For motorists passing through or residents new to the area, seeing a collection of Christmas trees outside the Exit 115 Shell gas station in Kittitas might seem odd. For many in the valley, however, the sight is far from that, and for them it has become a holiday tradition.

The trees are sold each year as a fundraiser for the Kittitas Secondary School senior class. This year, the selection is entirely noble firs, ranging up to 9 feet tall. The tallest trees will set buyers back a mere $55, making the trees competitive in price.

Kittitas Secondary School Senior Adviser Wendy Hudson said the project has been going for close to 10 years now.

“It’s been going for a while,” she said.

Since it began, Hudson said the sale has grown in scope. She said students start with approximately 50 trees, which are delivered the weekend after Thanksgiving. Depending on demand, they will continue to stock the selection. Hudson said they picked up another 45 trees on Monday.

“We just keep selling them,” she said.

Hudson said the fundraiser is highly instrumental for the class, averaging approximately $3,000 per year.

“It’s one of their biggest moneymakers for sure,” she said.


Hudson said the effort would not be possible without station owner Steve Hart, who has been involved with the project since the beginning.

“He has been instrumental in helping us put it together,” she said. “He knows the gentleman who’s able to get them from the West Side. He works closely with him to put it together, and then he hands it off to each senior class and allows us to take 100 percent of the profits, which is fantastic. He doesn’t ask for anything in return.”

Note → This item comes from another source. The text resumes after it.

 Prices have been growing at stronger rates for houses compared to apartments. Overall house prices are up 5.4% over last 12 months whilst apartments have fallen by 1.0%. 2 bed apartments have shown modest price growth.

In the past, Hudson said senior classes have used the funds to travel to destinations like Silverwood Theme Park in Idaho, Lake Chelan and destinations on the West Side. She said her daughters have had senior parties at the former Springwood Ranch complex when it was still operational.

“It’s the end of the year senior trip or party,” she said.

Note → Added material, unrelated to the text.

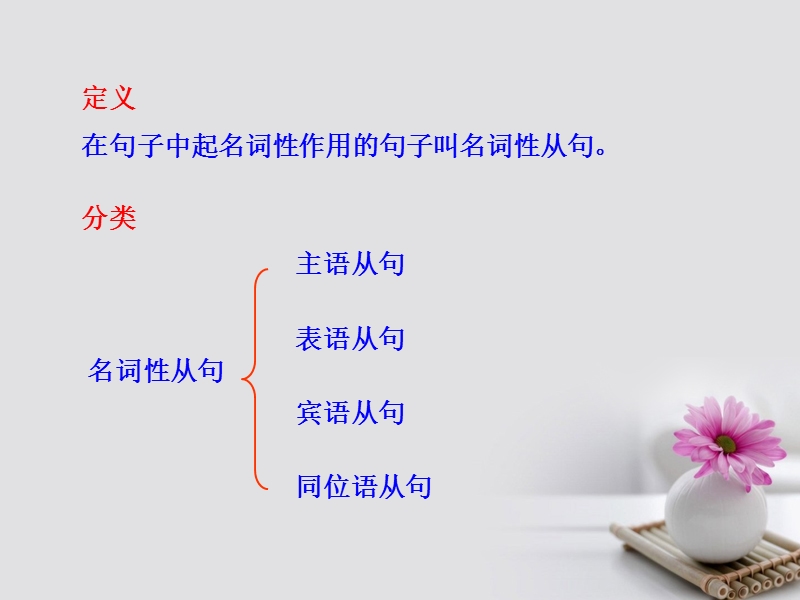 2018届高考英语一轮复习 第二部分 专题复习 一、语法 11.名词性从句课件 外研版.ppt_第3页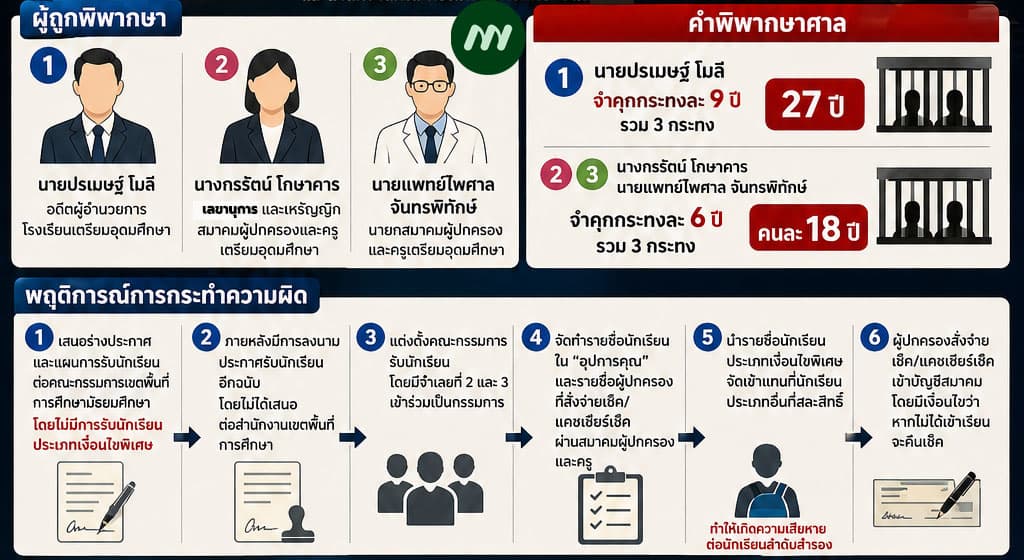 INFO: พฤติการณ์คดีทุจริตรับนักเรียนเตรียมอุดมฯ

One of the benefits to the sale is that people can purchase trees at any time of the day, as the station is open 24 hours, and Hudson said they work to keep trees stocked for people who need one at the last minute.

“We’ll have them until Christmas Eve,” she said. “Even Christmas Day, maybe.”

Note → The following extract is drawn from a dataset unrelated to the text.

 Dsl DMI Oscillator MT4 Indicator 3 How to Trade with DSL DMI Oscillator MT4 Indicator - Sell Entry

As word of the fundraiser has spread among the community over the years, Hudson said it has gained quite the following.

“It’s phenomenal,” she said. “I have people who wait to hear when the trees are going to arrive. I usually put it on my Facebook page for the community to start spreading it that way when they will arrive. This year, they were delayed a day and people actually waited for them to get here the following day, which I thought was really nice. I think we sold 30 the first day. People really rally around it and they wait for them.”